Beware the stare of Mary Shaw; she has wisely hired the director who made “Saw”.
It has been three years since first time director James Wan had his chance to break into the film industry with his monstrously successful horror flick, “Saw”, which subsequently spawned an incredibly lucrative franchise. However, one question begs to be asked: where has Wan been since?
At the height of his initial success, when Wan was probably offered every prospective studio horror film under the sun, the director chose to quietly collect money from the “Saw” franchise while simultaneously working on a second project, collaborating again with Saw writing partner Leigh Whannell. Out of this gestation came “Dead Silence”, and with it Wan proves that when it comes to the horror genre he is certainly no dummy.
After the brutal death of his wife, widower Jamie Ashen (Ryan Kwanten) returns to his hometown of Ravens Fair to explore the mysterious appearance of a ventriloquist doll which arrived just moments before his newlywed’s tongue was ripped out at the seam. Connecting the murder to an urban legend he heard as a child, a rhyme inspired by Mary Shaw, a ventriloquist that the town folk believes inflicts vengeance from the afterlife, Jamie not only catches the attention of this crotchety demonic spirit, but her hundred-and-one creepily designed ventriloquist dolls too.
Infusing the innovative style and transitions of Saw with the feel of a classic Hollywood ghost story, which was cleverly highlighted by the film’s use of the Golden Age Universal Studios introduction, “Dead Silence” is a fantastic sophomore outing from Wan. What made the original “Saw” work so well was Wan’s clear cut premise, use claustrophobia to set up an atmosphere that will terrify audiences. Again Wan and Whannell have tapped into another frightening phobia, the sinister side of dummies.
What the creative, splatter duo got right in “Saw” was the eerie look of the film, and here the sinister, nightmare inducing dolls walk a fine line between disturbingly macabre and all too cute. However terrifying the dolls themselves were, it is Mary Shaw herself who has one of the most ghoulishly effective designs to be introduced to celluloid since Samara terrified American audiences in Gore Verbinski’s “The Ring”. Part human, part doll, the presence of Shaw is all too scary, and the mark on her victims is all too memorable.

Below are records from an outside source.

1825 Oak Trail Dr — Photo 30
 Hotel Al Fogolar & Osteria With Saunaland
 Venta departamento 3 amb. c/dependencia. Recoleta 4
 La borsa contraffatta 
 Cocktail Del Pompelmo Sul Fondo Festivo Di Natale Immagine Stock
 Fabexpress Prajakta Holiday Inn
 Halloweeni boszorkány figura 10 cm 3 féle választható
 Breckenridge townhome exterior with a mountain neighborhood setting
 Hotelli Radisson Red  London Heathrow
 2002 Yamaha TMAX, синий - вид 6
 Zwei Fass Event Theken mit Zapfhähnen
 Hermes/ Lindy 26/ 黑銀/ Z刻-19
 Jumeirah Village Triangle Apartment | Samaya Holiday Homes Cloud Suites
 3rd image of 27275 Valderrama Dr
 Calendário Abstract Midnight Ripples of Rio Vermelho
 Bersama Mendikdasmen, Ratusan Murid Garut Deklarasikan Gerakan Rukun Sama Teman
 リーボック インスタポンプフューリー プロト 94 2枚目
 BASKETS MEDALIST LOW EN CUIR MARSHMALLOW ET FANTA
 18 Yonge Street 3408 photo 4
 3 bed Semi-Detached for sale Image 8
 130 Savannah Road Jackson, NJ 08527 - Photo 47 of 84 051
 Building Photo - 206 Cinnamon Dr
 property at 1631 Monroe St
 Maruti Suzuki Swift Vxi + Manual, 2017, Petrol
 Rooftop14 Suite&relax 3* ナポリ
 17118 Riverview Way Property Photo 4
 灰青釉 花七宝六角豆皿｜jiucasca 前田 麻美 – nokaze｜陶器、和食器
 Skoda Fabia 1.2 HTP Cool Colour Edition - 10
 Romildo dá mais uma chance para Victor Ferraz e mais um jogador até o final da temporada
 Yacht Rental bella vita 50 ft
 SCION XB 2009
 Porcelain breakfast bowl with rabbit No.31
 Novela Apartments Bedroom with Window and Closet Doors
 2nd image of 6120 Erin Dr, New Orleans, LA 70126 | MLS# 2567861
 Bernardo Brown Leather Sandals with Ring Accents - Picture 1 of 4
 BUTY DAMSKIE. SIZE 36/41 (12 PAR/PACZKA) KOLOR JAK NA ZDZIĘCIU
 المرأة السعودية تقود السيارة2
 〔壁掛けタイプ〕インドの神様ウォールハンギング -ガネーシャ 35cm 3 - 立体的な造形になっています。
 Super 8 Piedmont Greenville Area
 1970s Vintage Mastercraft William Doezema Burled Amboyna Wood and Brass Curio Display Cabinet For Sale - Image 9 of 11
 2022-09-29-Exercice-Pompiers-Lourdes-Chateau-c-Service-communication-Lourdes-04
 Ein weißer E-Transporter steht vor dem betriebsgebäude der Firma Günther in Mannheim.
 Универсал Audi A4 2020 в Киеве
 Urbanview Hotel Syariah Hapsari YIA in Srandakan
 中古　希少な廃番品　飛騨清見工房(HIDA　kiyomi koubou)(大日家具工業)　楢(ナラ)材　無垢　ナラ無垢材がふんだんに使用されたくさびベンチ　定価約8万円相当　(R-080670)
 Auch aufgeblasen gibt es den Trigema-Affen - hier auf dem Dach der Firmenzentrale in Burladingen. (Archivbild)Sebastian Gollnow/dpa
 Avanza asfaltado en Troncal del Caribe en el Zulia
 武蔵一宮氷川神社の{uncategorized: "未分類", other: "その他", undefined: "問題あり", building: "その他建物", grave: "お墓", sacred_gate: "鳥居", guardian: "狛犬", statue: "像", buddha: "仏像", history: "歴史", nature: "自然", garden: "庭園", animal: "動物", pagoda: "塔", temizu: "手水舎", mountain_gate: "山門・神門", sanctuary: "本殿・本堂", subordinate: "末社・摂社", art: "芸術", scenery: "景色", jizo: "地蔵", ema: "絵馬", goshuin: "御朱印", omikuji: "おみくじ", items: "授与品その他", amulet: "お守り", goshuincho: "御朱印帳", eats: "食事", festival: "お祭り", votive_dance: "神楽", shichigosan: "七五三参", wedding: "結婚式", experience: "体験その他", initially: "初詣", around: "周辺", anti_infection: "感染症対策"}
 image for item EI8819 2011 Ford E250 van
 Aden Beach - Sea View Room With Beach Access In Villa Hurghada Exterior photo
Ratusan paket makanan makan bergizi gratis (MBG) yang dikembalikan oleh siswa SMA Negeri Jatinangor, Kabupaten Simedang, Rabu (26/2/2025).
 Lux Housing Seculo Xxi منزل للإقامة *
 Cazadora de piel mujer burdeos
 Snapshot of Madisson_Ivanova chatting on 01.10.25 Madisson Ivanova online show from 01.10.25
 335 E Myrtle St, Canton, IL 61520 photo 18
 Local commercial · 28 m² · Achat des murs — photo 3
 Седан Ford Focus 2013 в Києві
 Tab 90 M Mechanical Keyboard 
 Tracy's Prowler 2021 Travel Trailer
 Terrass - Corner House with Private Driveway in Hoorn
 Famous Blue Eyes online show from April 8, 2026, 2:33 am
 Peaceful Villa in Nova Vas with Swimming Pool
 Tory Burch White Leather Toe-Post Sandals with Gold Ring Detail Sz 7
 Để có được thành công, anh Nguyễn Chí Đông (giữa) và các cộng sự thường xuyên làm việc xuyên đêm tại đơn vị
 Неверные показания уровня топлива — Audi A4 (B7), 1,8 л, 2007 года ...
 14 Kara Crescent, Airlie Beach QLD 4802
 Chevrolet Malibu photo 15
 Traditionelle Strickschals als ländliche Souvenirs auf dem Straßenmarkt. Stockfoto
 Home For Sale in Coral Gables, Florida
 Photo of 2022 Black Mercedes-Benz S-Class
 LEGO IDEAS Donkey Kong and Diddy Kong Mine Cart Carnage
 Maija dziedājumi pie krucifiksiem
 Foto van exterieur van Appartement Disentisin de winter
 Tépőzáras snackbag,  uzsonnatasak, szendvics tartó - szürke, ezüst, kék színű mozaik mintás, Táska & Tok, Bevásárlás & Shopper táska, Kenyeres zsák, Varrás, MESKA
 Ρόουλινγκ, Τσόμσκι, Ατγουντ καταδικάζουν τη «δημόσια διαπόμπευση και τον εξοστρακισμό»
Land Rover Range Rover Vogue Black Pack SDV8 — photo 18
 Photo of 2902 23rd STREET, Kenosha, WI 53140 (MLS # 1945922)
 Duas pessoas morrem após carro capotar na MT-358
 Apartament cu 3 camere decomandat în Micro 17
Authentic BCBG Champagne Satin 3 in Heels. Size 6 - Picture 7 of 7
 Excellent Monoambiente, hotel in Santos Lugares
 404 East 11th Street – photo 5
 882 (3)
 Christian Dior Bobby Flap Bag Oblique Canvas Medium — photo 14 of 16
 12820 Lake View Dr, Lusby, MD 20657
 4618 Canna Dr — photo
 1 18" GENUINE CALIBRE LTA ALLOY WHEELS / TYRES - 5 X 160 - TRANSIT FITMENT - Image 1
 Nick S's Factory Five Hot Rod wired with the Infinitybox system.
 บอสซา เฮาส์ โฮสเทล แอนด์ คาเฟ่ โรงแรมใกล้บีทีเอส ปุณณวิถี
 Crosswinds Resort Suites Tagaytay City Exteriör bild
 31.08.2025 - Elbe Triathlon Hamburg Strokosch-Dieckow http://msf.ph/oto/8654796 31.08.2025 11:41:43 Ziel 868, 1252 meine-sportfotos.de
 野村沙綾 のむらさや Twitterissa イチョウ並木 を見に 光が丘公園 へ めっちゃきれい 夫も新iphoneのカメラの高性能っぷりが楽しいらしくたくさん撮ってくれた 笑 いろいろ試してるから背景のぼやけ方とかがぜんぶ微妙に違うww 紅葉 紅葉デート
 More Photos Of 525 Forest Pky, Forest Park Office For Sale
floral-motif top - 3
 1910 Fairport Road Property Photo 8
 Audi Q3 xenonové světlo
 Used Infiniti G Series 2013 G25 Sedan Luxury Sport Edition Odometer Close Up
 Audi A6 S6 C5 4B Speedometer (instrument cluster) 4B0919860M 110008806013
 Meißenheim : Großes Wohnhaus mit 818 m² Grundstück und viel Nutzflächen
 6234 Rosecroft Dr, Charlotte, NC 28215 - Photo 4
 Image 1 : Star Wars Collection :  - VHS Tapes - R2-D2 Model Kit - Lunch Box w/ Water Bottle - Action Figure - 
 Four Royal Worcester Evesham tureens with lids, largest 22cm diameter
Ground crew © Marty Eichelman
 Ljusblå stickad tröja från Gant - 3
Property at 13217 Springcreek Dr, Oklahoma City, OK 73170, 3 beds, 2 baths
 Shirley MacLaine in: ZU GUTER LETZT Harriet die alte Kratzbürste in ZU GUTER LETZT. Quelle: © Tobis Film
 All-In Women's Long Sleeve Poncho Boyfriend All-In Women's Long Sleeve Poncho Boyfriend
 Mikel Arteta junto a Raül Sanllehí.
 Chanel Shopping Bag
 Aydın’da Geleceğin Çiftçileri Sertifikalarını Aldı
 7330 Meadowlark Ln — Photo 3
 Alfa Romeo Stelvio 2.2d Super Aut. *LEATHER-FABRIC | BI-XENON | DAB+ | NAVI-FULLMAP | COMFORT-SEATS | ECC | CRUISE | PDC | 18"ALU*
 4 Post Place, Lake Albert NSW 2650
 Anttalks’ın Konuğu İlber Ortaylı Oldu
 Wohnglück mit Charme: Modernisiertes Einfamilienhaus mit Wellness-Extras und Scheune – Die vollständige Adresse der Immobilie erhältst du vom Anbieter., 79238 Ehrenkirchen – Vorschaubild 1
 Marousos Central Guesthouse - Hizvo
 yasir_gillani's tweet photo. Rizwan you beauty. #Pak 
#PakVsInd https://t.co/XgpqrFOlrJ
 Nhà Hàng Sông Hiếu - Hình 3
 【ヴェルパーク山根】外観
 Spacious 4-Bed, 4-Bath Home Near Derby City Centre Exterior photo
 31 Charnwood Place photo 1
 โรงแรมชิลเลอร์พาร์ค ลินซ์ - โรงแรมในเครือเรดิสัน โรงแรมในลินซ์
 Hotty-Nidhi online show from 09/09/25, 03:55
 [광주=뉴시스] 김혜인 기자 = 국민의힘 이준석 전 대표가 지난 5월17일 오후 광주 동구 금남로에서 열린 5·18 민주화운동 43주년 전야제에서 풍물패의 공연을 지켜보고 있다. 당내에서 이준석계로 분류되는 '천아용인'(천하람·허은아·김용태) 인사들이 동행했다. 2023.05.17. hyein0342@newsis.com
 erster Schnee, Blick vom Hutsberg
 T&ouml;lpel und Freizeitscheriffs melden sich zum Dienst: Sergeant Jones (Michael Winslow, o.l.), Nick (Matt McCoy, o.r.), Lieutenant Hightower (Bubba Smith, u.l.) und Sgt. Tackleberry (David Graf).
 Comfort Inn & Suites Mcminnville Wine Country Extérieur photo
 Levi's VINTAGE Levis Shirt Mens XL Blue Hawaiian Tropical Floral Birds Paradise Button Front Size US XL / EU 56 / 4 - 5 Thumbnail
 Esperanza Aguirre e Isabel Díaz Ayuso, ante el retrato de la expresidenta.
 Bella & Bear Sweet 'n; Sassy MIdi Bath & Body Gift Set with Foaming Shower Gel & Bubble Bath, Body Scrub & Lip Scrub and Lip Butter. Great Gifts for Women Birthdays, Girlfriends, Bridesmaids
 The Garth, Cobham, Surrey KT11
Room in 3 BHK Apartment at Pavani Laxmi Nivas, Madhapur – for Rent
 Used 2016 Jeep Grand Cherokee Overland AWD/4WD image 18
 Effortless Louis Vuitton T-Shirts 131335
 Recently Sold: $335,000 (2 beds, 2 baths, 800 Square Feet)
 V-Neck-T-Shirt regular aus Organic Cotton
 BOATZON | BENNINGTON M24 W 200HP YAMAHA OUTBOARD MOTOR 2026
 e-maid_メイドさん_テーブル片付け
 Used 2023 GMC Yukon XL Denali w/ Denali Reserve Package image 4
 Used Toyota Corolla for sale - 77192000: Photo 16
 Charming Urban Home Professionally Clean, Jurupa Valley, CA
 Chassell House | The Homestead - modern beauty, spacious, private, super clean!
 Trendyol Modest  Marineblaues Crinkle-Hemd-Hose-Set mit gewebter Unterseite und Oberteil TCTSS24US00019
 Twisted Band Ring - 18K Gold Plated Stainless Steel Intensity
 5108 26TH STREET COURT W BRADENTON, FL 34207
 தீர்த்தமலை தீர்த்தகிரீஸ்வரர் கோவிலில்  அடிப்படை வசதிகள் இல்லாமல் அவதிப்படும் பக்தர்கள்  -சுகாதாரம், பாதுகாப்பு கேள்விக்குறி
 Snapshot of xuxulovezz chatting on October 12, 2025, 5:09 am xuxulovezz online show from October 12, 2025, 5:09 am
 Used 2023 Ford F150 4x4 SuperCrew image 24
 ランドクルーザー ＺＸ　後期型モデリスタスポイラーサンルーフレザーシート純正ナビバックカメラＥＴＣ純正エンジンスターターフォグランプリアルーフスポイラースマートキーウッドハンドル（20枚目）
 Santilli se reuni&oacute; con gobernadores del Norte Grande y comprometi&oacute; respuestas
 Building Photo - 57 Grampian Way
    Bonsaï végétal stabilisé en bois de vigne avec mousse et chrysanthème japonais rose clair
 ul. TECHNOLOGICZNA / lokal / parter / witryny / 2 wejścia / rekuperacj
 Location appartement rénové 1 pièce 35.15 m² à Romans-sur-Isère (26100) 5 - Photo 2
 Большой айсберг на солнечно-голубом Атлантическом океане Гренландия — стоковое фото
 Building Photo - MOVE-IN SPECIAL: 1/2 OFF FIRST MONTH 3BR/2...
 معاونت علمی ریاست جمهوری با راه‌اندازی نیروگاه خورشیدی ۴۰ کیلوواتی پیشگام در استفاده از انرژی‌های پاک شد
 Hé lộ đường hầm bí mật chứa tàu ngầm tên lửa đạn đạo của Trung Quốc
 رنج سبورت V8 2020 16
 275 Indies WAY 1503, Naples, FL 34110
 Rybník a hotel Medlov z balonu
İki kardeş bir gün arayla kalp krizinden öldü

For young filmmakers with a Universal sized budget to play with, Wan and Whannell certainly used their money efficiently. Rather than burning their budget on name actors to sell the film, funds were put into creating incredibly haunting visuals to help sell the concept. Though the performances from Kwanten and veteran “Saw II” actor Donnie Whalberg were acceptable for the genre, it is the incredible production design which sets “Dead Silence” apart from the horror norm. Giant set pieces, such as Mary Shaw’s chilling estate, gave Wan a ghoulish playground to create his innovative scares, escalating the unsettling atmosphere of “Dead Silence”.
This growth towards the film’s wild third act is entirely necessary, because the conclusion would seem preposterous without the spine-chilling buildup. Though Wan and Whannell have made another stellar horror film, the duo better be cautious; too many more “surprise” endings and the duo could be labeled as the next Shyamalan.
It would seem that the three year hiatus from directing has served James Wan well; “Dead Silence” is a far more mature and refined horror film than “Saw”. The departure from the torture/splatter subgenre of horror, moving towards the supernatural was a wise move, one that will certainly silence any of Wan’s critics who fear that Saw was the only tale the director had to tell.